An ellipsis, composed of three spaced periods or the ellipsis character, signifies either an omission or trailing thought. Write an ellipsis using three periods with non-breaking internal spaces (option-shift-space on Mac, ctrl-shift-space on Windows) and regular spaces on either side of the ellipsis: I am . . . an ellipsis. While this is the preferred method of myself, Garner, The Chicago Manual of Style, and APA style, The Elements of Typographic Style suggests using the ellipsis unicode character: I am … an ellipsis character. No matter your choice, stick with it—editors will have a far easier time changing a uniform habit than a non-uniform habit for their publishing conventions.

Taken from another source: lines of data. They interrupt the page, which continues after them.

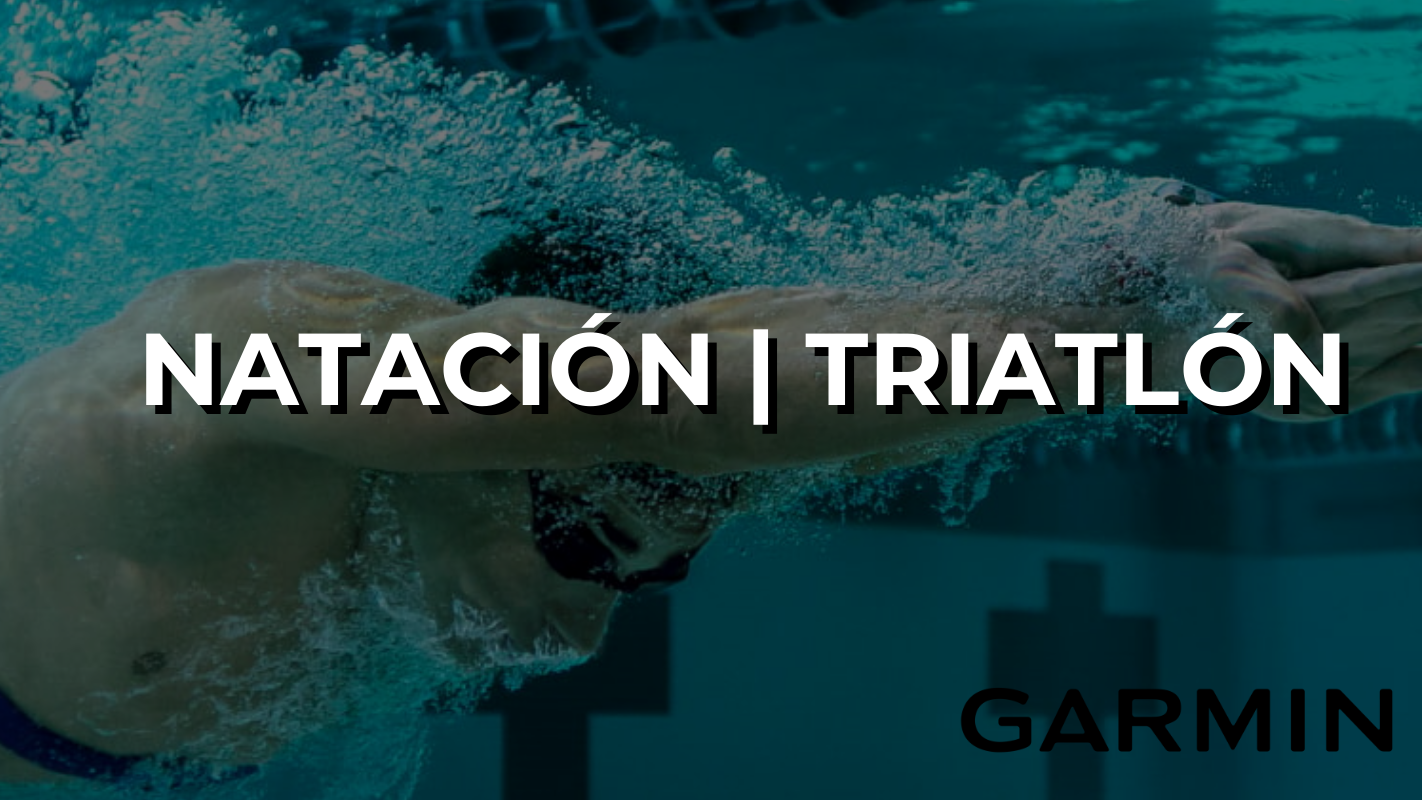 NATACION TRIA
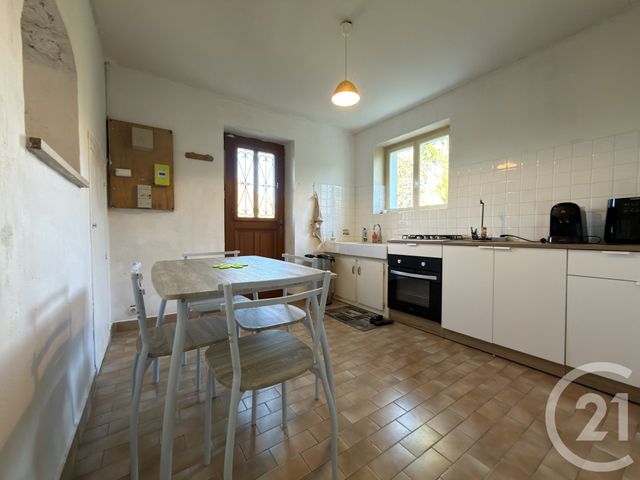 maison à vendre - 6 pièces - 161.99 m2 - VELLES - 36 - CENTRE - Century 21 Adressimmo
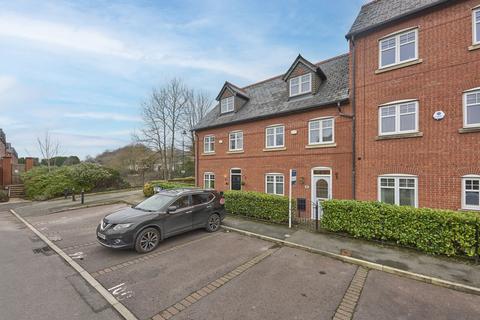 3 bedroom mews for sale, Trevore Drive, Wigan WN1
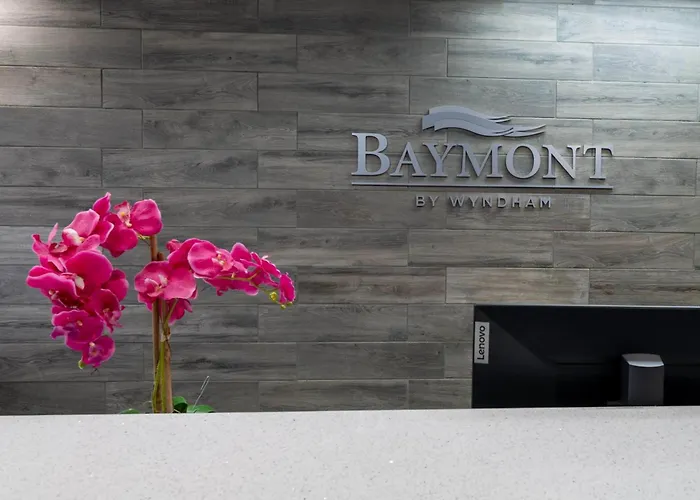 Baymont By Wyndham Warner Robins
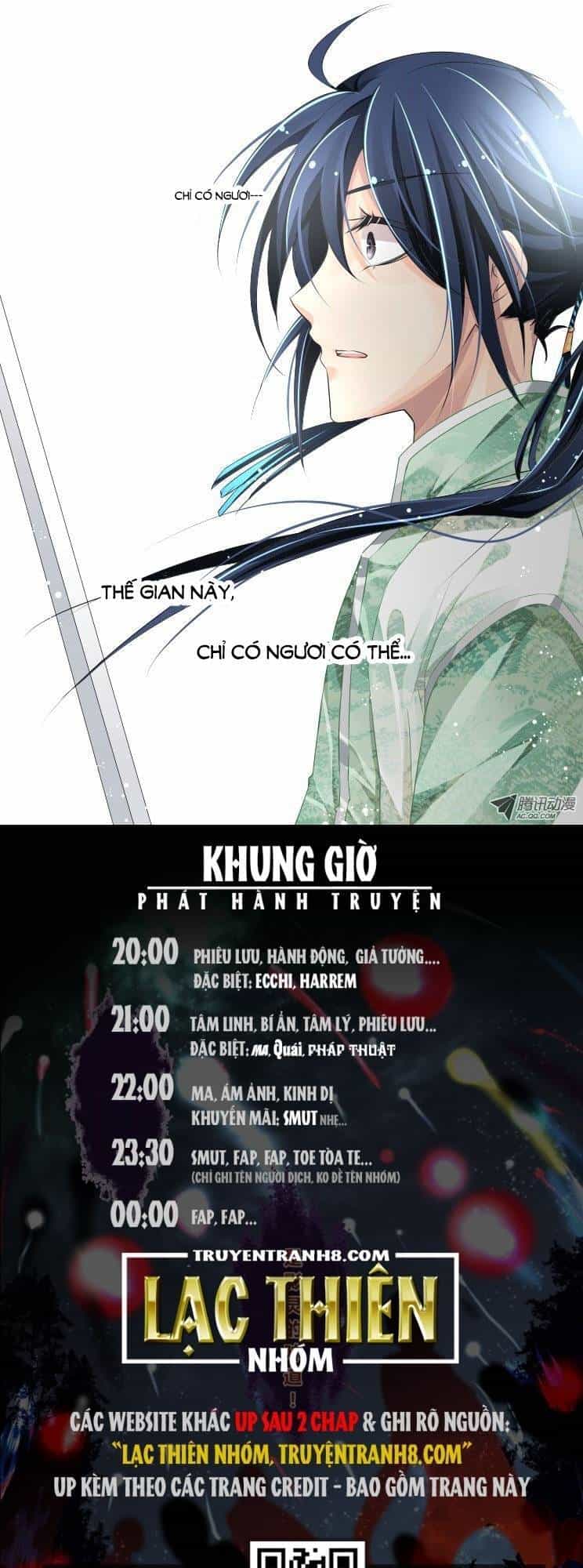Linh Khiết - Chương 64 - ảnh 9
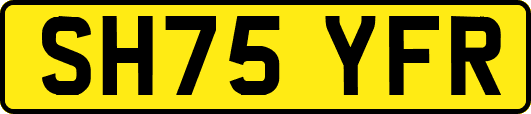 SH75YFR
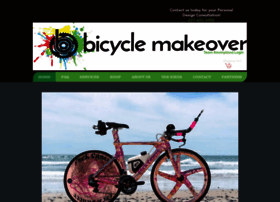 Bicyclemakeover.com thumbnail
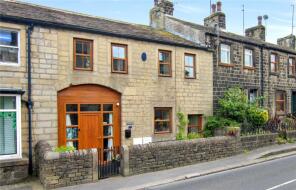 112 114 The Coach House, Keighley Road, Cowling, Keighley BD22 0AS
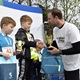 Krčská čtyřka – závod B4 o pohár starosty městské části Praha 4 - ročník 2024.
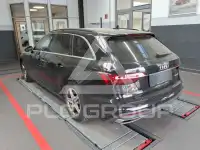 2023 Audi A4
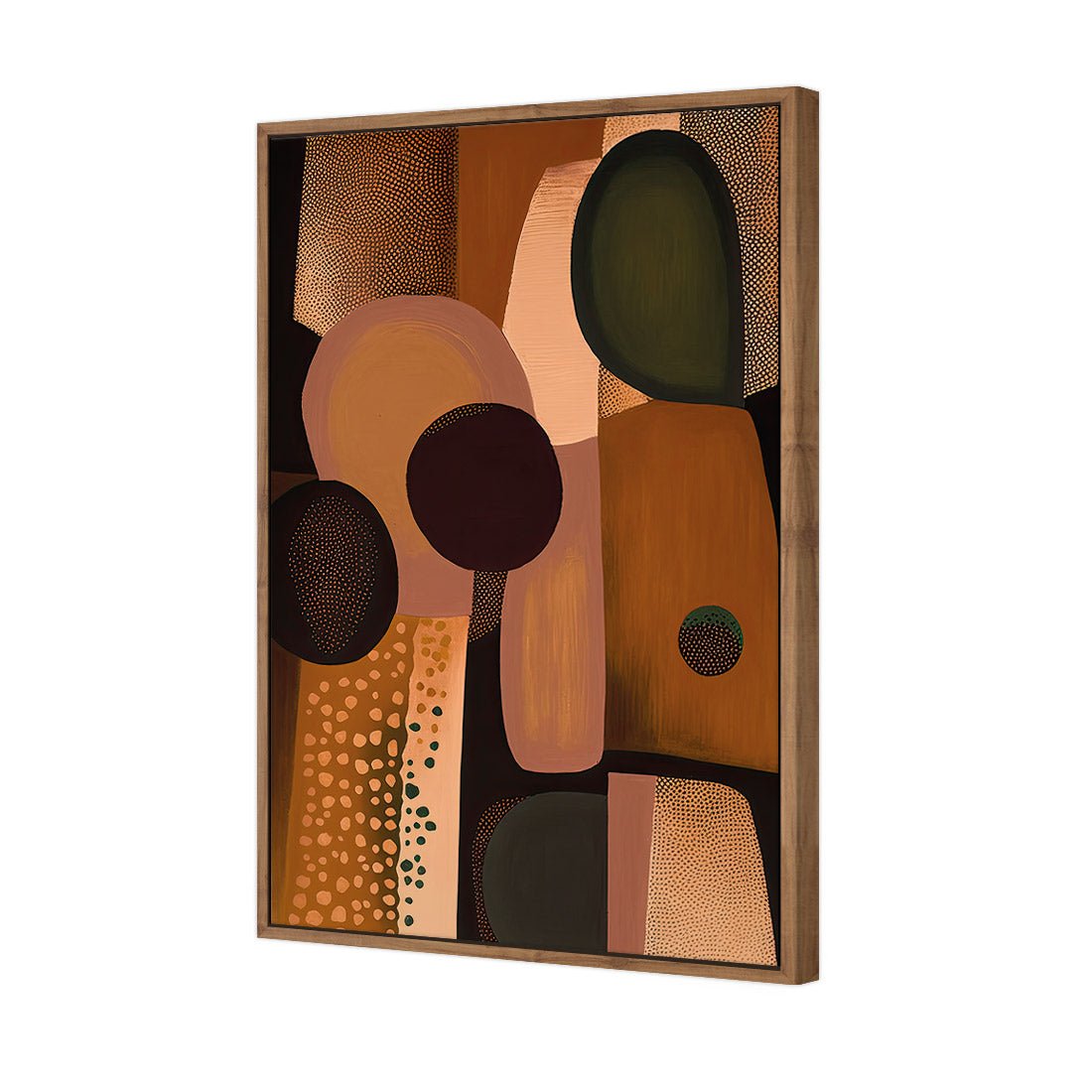 A Touch of Bronze II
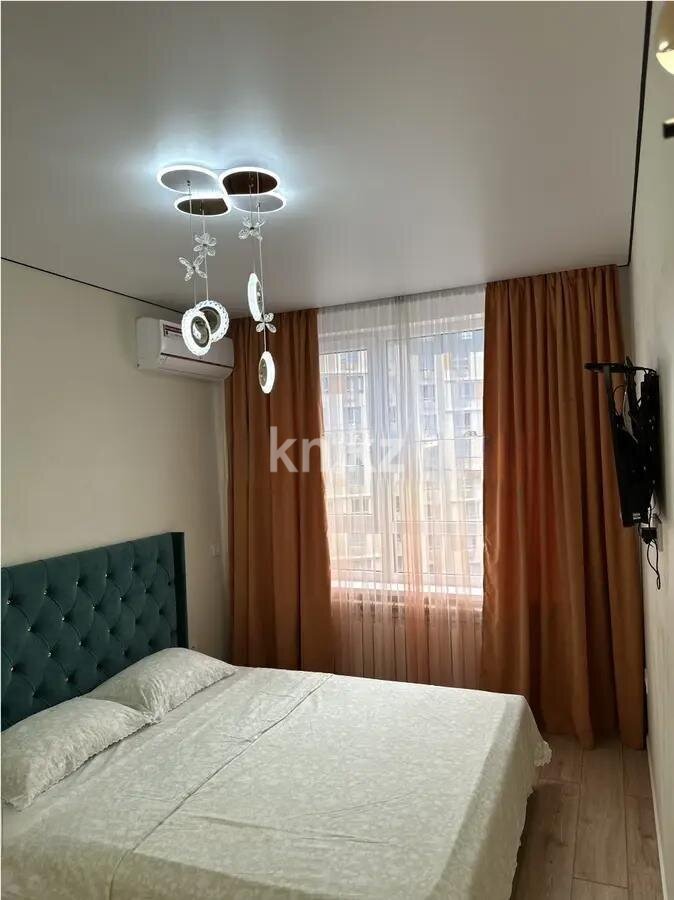 Продажа 2-комнатной квартиры, 47.5 м² в Алматы - фото 2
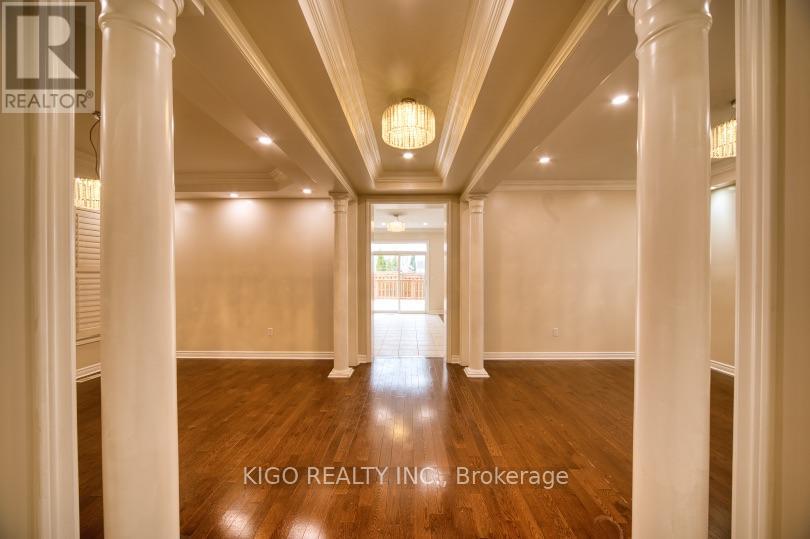 548 Wasaga Crescent, Waterloo, Ontario  N2V 2Y7 - Photo 10 - X13023322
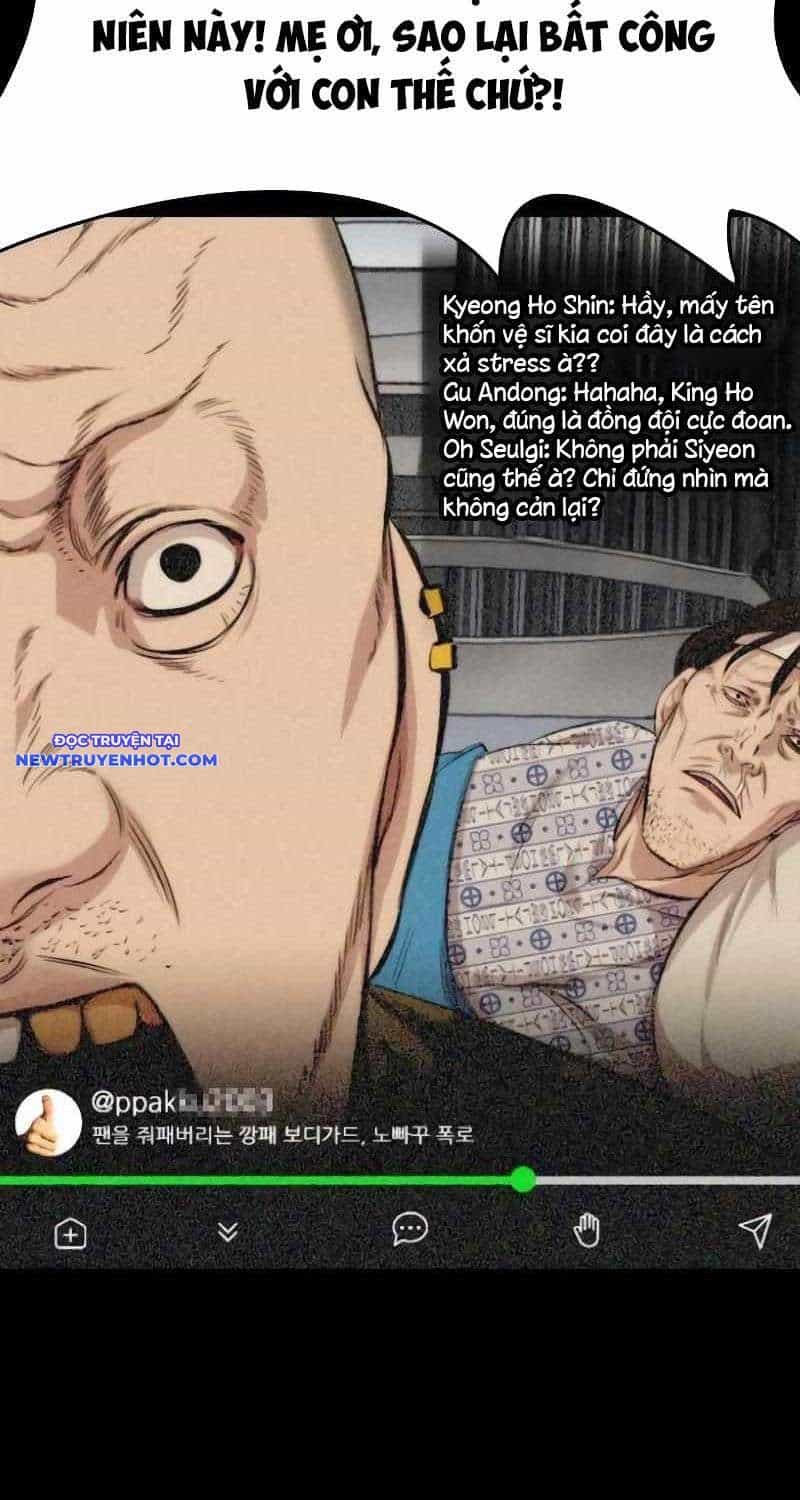 Ventablack - Chương 2 - ảnh 41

In technical writing, reserve ellipses for omitting words, phrases, or sentences from quoted material, though careful not to change the quoted material’s original intention. Thus, The film, which concerned romance and car chases, was a waste of time can become The film . . . was a waste of time. Avoid beginning with an ellipsis, even when quoting from within a sentence. When ending with an ellipsis, if the last word ends the source sentence, write a period followed by ellipses, otherwise write ellipses followed by a period: The book was good. . . . or, if more follows the last word, The book was good . . . . These four-period situations may convince you to prefer the spaced ellipsis over the ellipsis character, as the ellipsis charcater, when beside a period, appears as an unbalanced mistype: The book was good. . . . or The book was good. …

In creative writing, ellipses can also symbolize trailing thought: I drove down the road . . . so and my car needs an oil change. Do not use ellipses to symbolize interruptions; that task belongs to the em dash (see hyphens and dashes).